Saved data entries:

_ _ _ _ _ _ _

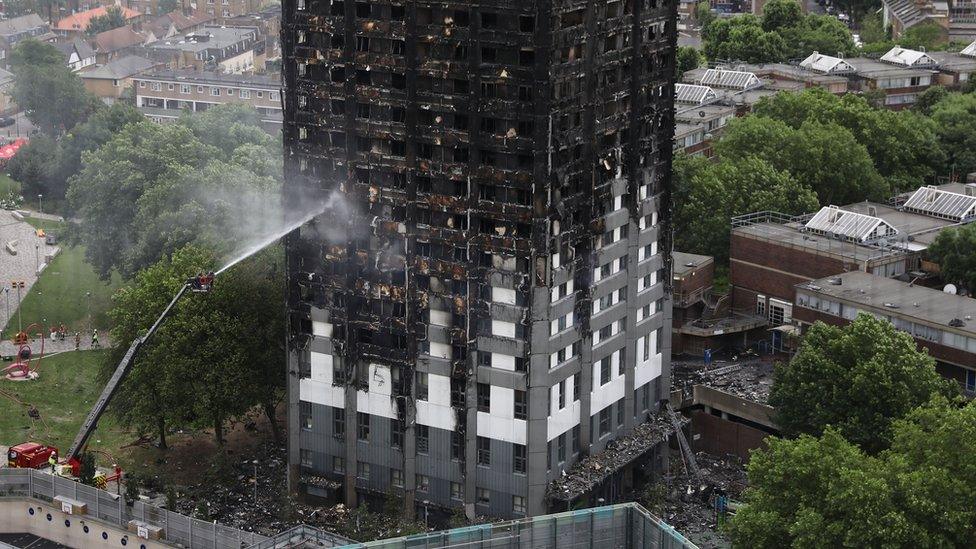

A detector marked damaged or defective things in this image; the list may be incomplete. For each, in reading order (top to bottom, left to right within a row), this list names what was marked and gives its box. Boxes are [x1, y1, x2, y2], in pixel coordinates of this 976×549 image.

charred facade [282, 0, 680, 520]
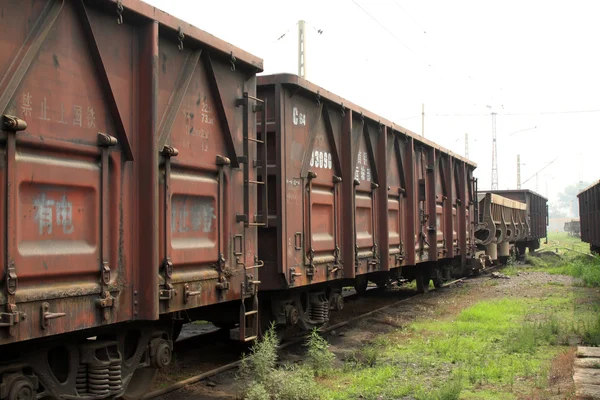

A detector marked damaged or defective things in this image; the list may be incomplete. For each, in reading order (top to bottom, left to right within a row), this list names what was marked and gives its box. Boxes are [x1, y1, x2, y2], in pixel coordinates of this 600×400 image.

rusty train car [0, 0, 262, 400]
rusty train car [256, 75, 478, 332]
rusty train car [476, 192, 528, 264]
rusty train car [576, 182, 600, 253]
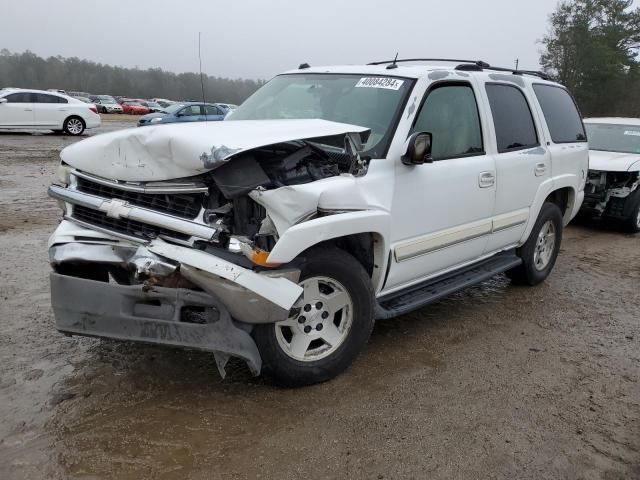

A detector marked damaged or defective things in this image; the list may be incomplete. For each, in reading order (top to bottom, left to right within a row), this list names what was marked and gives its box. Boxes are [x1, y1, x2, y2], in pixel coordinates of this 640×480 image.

crushed hood [61, 118, 370, 182]
damaged front end [584, 170, 636, 218]
crushed hood [592, 151, 640, 173]
damaged front end [47, 118, 370, 376]
crumpled front bumper [47, 221, 302, 376]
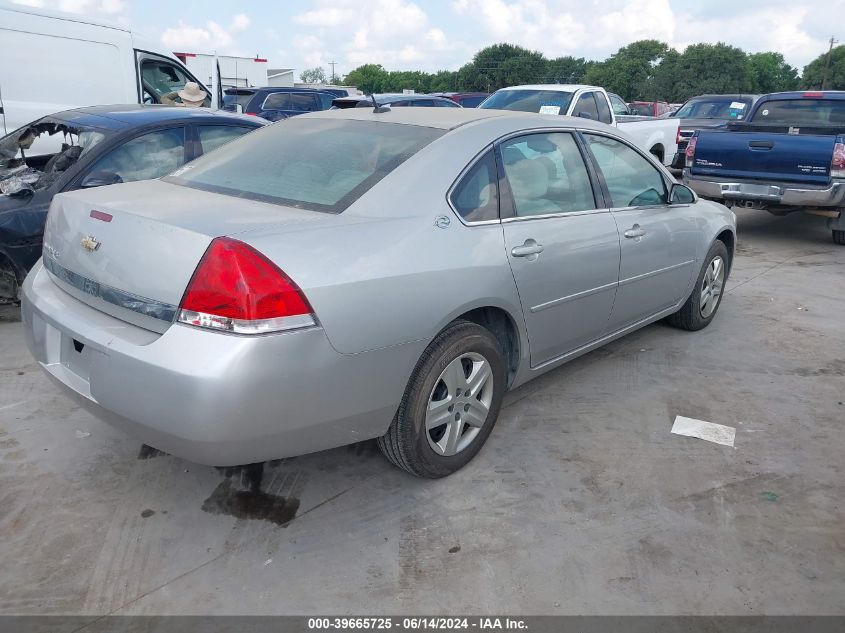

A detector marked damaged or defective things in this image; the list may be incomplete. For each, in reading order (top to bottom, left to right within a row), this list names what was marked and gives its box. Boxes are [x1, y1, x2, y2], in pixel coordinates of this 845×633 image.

bare pavement crack [67, 484, 354, 628]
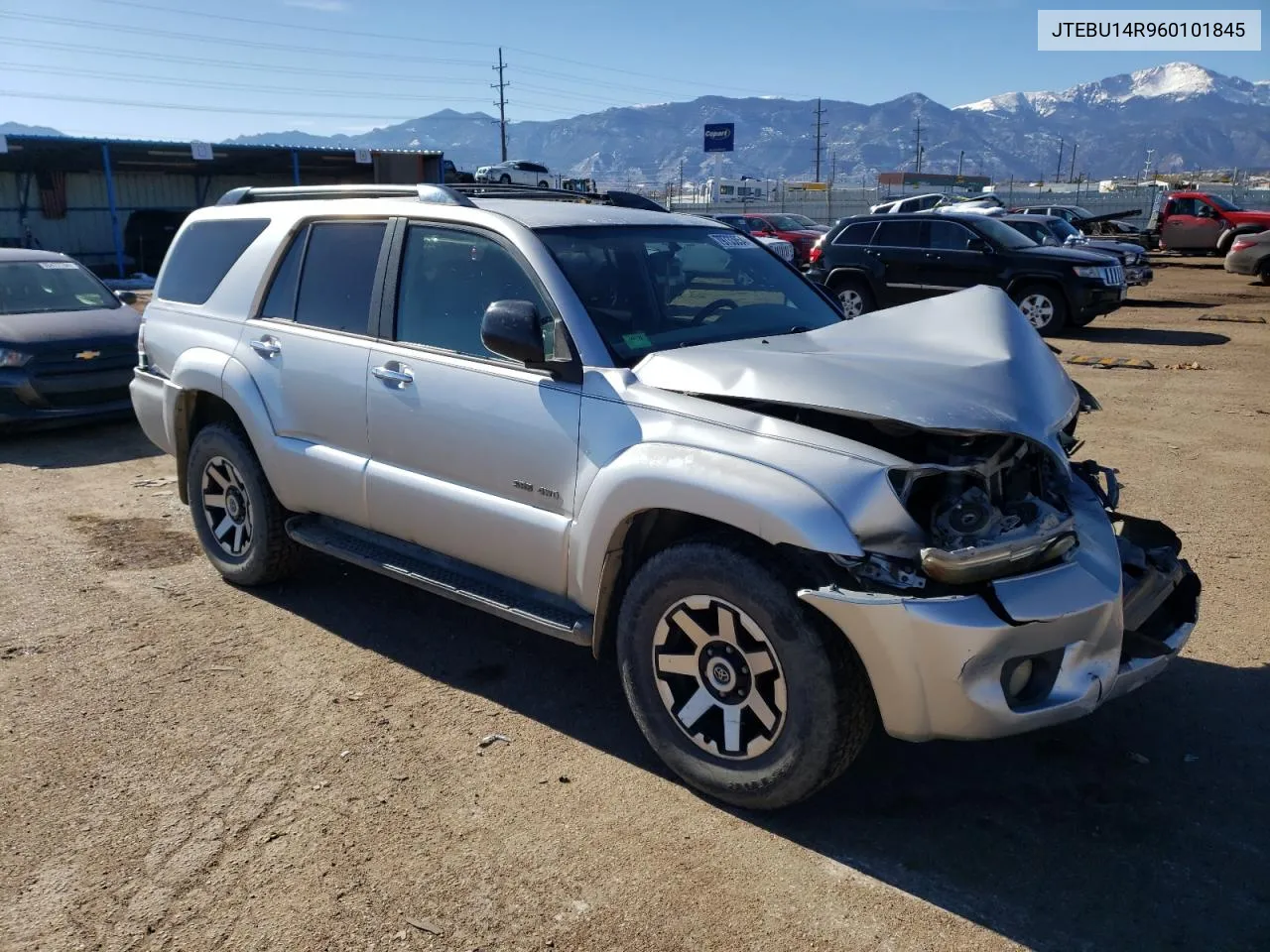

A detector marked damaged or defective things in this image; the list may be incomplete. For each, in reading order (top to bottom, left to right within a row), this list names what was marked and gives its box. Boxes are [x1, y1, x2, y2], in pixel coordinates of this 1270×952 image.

crumpled hood [0, 306, 139, 347]
crumpled hood [635, 283, 1081, 454]
damaged front bumper [802, 479, 1199, 741]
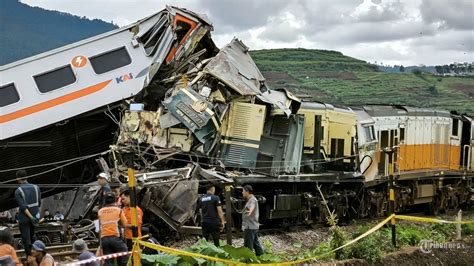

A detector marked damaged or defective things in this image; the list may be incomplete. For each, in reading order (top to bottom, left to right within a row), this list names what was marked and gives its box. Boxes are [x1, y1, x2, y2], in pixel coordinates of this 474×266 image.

shattered window frame [0, 83, 20, 108]
shattered window frame [32, 64, 77, 93]
shattered window frame [88, 46, 131, 74]
broken metal panel [161, 88, 217, 144]
torn metal sheet [162, 88, 219, 143]
torn metal sheet [202, 37, 264, 95]
broken metal panel [202, 37, 264, 95]
broken metal panel [219, 102, 266, 168]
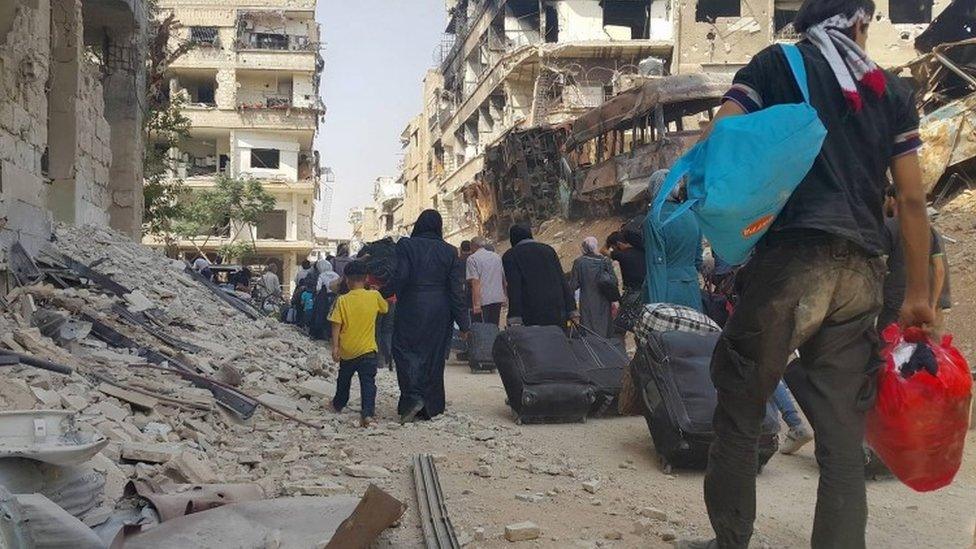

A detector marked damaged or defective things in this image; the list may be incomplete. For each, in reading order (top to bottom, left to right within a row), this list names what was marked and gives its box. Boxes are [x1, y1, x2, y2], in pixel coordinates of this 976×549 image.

broken window [190, 26, 218, 46]
broken window [254, 32, 288, 50]
broken window [600, 0, 652, 38]
broken window [692, 0, 740, 22]
broken window [888, 0, 936, 23]
damaged apartment building [0, 0, 150, 278]
damaged apartment building [150, 0, 324, 294]
broken window [252, 148, 278, 169]
damaged apartment building [352, 0, 952, 244]
pile of broken concrete [0, 225, 404, 544]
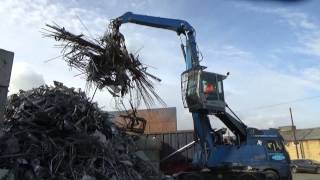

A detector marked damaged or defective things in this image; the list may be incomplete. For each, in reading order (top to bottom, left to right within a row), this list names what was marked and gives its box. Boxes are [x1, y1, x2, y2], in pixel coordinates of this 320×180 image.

rusty metal debris [42, 23, 165, 109]
rusty metal debris [0, 82, 160, 179]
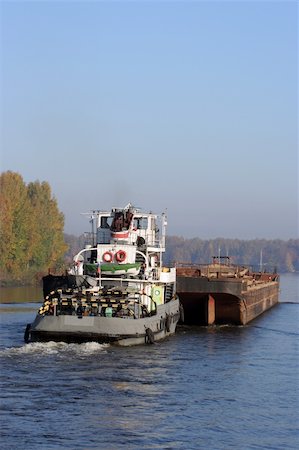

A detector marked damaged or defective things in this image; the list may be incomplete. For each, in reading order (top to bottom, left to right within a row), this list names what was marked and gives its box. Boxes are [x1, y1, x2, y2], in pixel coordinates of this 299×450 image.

rusty steel barge side [177, 264, 280, 326]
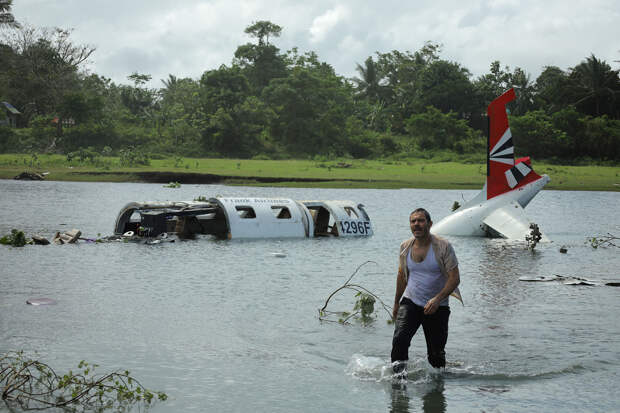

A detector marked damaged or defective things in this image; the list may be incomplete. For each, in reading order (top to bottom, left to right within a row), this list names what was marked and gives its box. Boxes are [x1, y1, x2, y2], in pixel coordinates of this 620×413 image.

crashed airplane fuselage [113, 196, 370, 238]
crashed airplane fuselage [434, 88, 548, 240]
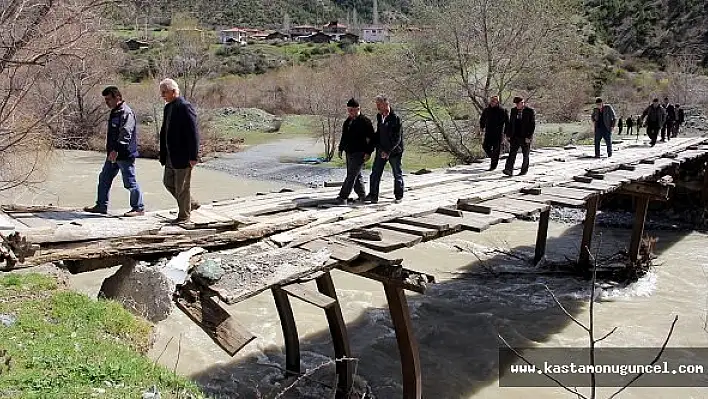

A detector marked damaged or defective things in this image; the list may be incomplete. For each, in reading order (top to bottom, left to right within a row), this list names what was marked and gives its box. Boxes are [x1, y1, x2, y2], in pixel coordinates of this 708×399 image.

broken bridge section [1, 138, 708, 399]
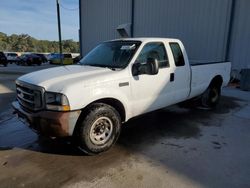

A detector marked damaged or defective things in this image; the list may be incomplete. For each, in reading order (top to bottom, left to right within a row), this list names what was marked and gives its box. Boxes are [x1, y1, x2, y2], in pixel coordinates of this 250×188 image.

rust spot on bumper [12, 101, 80, 137]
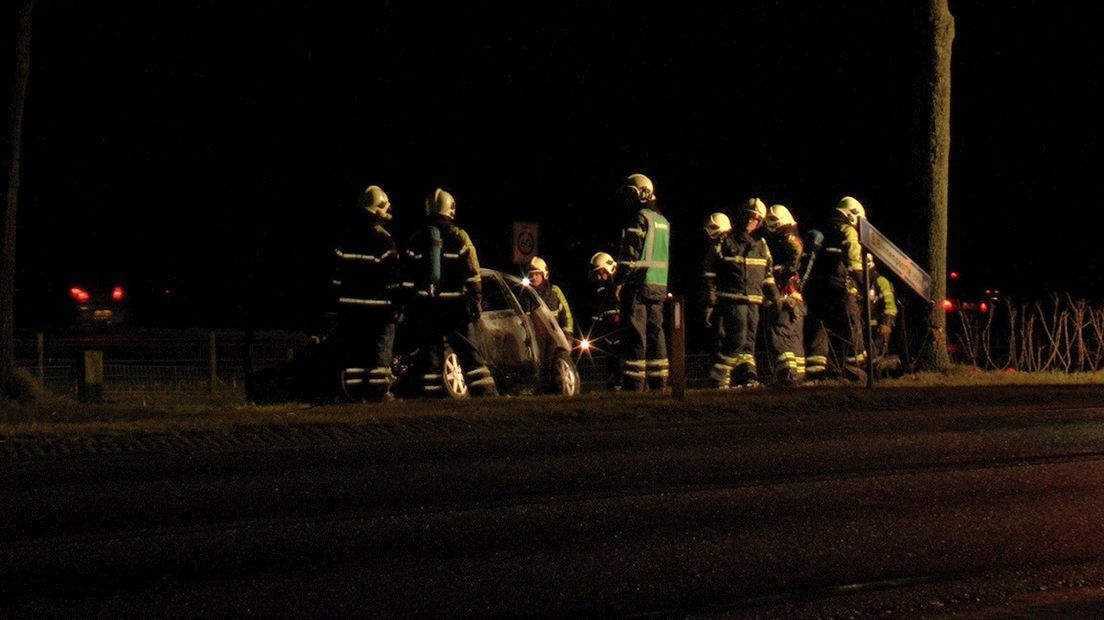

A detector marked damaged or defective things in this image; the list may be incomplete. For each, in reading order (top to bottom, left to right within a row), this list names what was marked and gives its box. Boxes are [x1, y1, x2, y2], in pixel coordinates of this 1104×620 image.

damaged vehicle [246, 266, 584, 402]
burned car [246, 268, 584, 404]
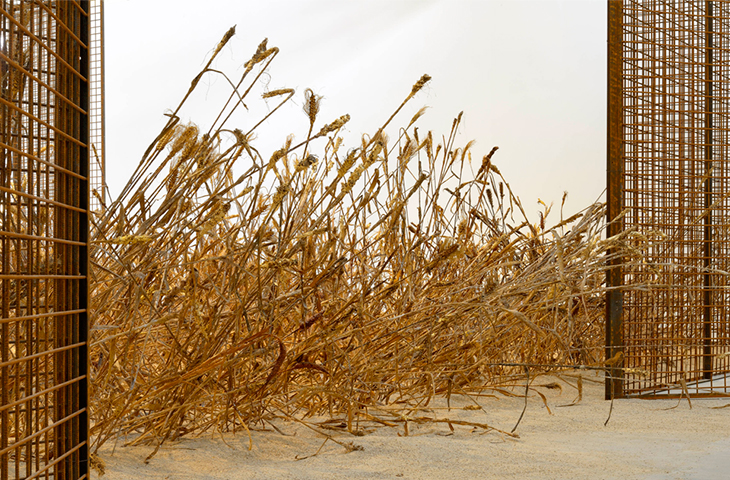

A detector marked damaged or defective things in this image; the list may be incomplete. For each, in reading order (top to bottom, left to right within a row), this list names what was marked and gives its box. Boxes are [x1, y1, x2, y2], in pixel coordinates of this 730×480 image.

_ _ _ _ _ _ _

Please set down the data above exactly as given, leaving every picture out.

_REPLY TO THE EXERCISE:_
A detector marked damaged or defective things in this image; the list may be incomplete. For each, in reading order (top to bottom, left to right within a row), this list names what was marked and gives its box. Boxes are [x1, y1, x2, y2], in pixel coordinates of this 976×549 image.

charred facade [282, 0, 680, 520]

A detector marked damaged or defective things in this image; the list may be incomplete. For each, in reading order (top to bottom, left to right within a row), this list names what was marked and gives its box. Boxes are [x1, y1, x2, y2], in pixel coordinates of this 600×400 image.

rusty train car [0, 0, 262, 400]
rusty train car [256, 75, 478, 332]
rusty train car [476, 192, 528, 264]
rusty train car [576, 182, 600, 253]

A detector marked damaged or defective things in this image; the list may be incomplete. For each, in reading order (top to bottom, left to right within a row), this list names what was marked and gives its box. Boxes are [x1, y1, x2, y2], in pixel coordinates of this 640×480 image.

crushed hood [61, 118, 370, 182]
damaged front end [584, 170, 636, 218]
crushed hood [592, 151, 640, 173]
damaged front end [47, 118, 370, 376]
crumpled front bumper [47, 221, 302, 376]

A detector marked damaged or defective things in this image; the list may be incomplete. For each, in reading order (top to bottom, left to right within a row), this list names what was marked and gives its box. Boxes are [x1, y1, x2, y2], in pixel coordinates of this 845×633 image.

bare pavement crack [67, 484, 354, 628]

A detector marked damaged or defective things in this image; the list may be incomplete. For each, in reading order (top to bottom, left to right within a row), this list names what was marked and gives its box. Boxes are [x1, y1, x2, y2], in pixel coordinates of this 1270×952 image.

crumpled hood [0, 306, 139, 347]
crumpled hood [635, 283, 1081, 454]
damaged front bumper [802, 479, 1199, 741]

A detector marked damaged or defective things in this image; the list may be incomplete. For each, in reading order (top to bottom, left to right within a row), this list names what was marked and gives its box. Boxes are [x1, y1, x2, y2], in pixel coordinates of this 474×266 image.

shattered window frame [0, 83, 20, 108]
shattered window frame [32, 64, 77, 93]
shattered window frame [88, 46, 131, 74]
broken metal panel [161, 88, 217, 144]
torn metal sheet [162, 88, 219, 143]
torn metal sheet [202, 37, 264, 95]
broken metal panel [202, 37, 264, 95]
broken metal panel [219, 102, 266, 168]

A detector marked damaged or defective things in this image; the list may be incomplete. For each, in reading order (top to bottom, left to right within a row), this list names what was marked and gives its box. Boxes are [x1, y1, x2, y2], in pixel coordinates of this 976×549 image.

broken window [190, 26, 218, 46]
broken window [254, 32, 288, 50]
broken window [600, 0, 652, 38]
broken window [692, 0, 740, 22]
broken window [888, 0, 936, 23]
damaged apartment building [0, 0, 150, 278]
damaged apartment building [150, 0, 324, 294]
broken window [252, 148, 278, 169]
damaged apartment building [352, 0, 952, 244]
pile of broken concrete [0, 225, 404, 544]

A detector marked damaged or defective things in this image; the list may be incomplete. For each, in reading order (top to bottom, left to right within a row), this list names what was marked and gives its box. Boxes are [x1, y1, x2, y2], in pixel coordinates of this 320×180 image.

rusty metal debris [42, 23, 165, 109]
rusty metal debris [0, 82, 160, 179]

A detector marked damaged or defective things in this image; the list may be incomplete. For each, in reading order (top to bottom, left to right within a row), this list names what was marked and gives its box. Boxes are [x1, y1, x2, y2], in pixel coordinates of this 299×450 image.

rusty steel barge side [177, 264, 280, 326]

A detector marked damaged or defective things in this image; the list may be incomplete. For each, in reading order (top to bottom, left to right within a row), this list names what was marked and gives its box. Boxes are [x1, y1, x2, y2], in pixel coordinates of this 620×413 image.

crashed airplane fuselage [113, 196, 370, 238]
crashed airplane fuselage [434, 88, 548, 240]

A detector marked damaged or defective things in this image; the list may be incomplete. For each, in reading order (top to bottom, left to right within a row), this list names what was marked and gives its box. Boxes are [x1, y1, x2, y2], in pixel coordinates of this 708×399 image.

broken bridge section [1, 138, 708, 399]

A detector marked damaged or defective things in this image; the list may be incomplete. For each, in reading order (top to bottom, left to right within a row), this list names what was marked and gives its box. Boxes are [x1, y1, x2, y2], in pixel coordinates of this 250×188 image.

rust spot on bumper [12, 101, 80, 137]

A detector marked damaged or defective things in this image; the list may be incomplete. For each, in reading order (top to bottom, left to right within a row), this list names what was marked and gives its box. Boxes are [x1, y1, x2, y2], in pixel coordinates of this 1104×620 image.

damaged vehicle [246, 266, 584, 402]
burned car [246, 268, 584, 404]

A detector marked damaged or defective things in this image; the list may be incomplete. For each, in reading order (top to bottom, left to right within a row), this list names what was marked and gives its box. Boxes are [x1, y1, x2, y2], in pixel coordinates of this 730×480 image.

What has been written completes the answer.